It was a very mixed night for ballot measures on animal issues – with voters repealing two pro-wolf hunting measures, Proposals 1 and 2, by wide margins, but apparently rejecting bear hunting reforms in Maine by a narrow margin. In a landslide vote, Florida voters backed Amendment 1, to protect habitat for wildlife.
Michigan voters spoke loudly and clearly for wolves today. They repealed two dangerous laws that sought to establish a trophy hunting season on the state’s fragile wolf population and to strip voters’ right to have a say on wildlife issues, including the wolf hunt. Not only is this a win for wolves in Michigan, it is a win for all of our nation’s wolves — this was the first statewide vote on wolf hunting in any state since wolves were stripped of their federal protections.
On the down side, it appears that Maine’s Question 1 – to ban bear baiting, hounding, and trapping – may go down to a narrow defeat. It was very difficult to overcome the active involvement and spending by the state government, which caused so much confusion for voters despite Maine being the only state to rely on all these extreme hunting methods. It was an unprecedented infusion of state resources into a political campaign that was based on fear and scare tactics.

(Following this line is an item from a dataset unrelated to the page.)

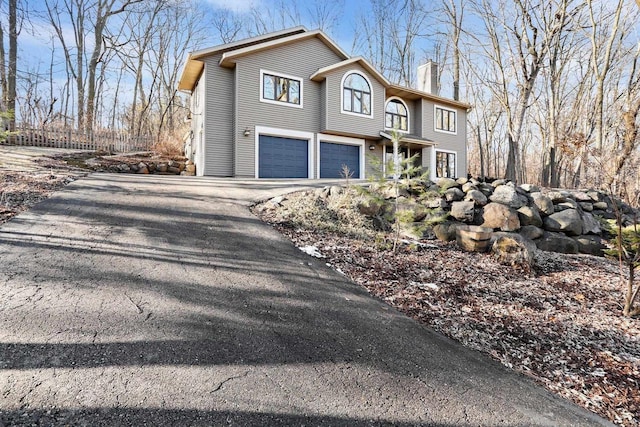 traditional home with driveway, a garage, and a chimney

There seemed to be a consensus building that trapping and hounding of bears are unacceptable, and even many opponents of Question 1 acknowledged that these two practices are inhumane and unnecessary. Lawmakers and the hunting lobby must address this, or they’ll be inviting another initiative in short order. In fact, our polling showed a narrow majority of people wanted to ban all three practices, but a substantial percentage of people were “wrong way” voters – casting “no” votes even though they intended to stop inhumane and unsporting practices.
The closeness of the vote strongly suggests that the defeat of Question 1 is not a mandate to continue these inhumane, unfair, and unsporting hunting methods. We sincerely hope that Maine officials will look at the science-based and ethical thinking that has driven prohibitions on these hunting methods in other states, and come to the right conclusion in the future that these methods have no place in modern wildlife management.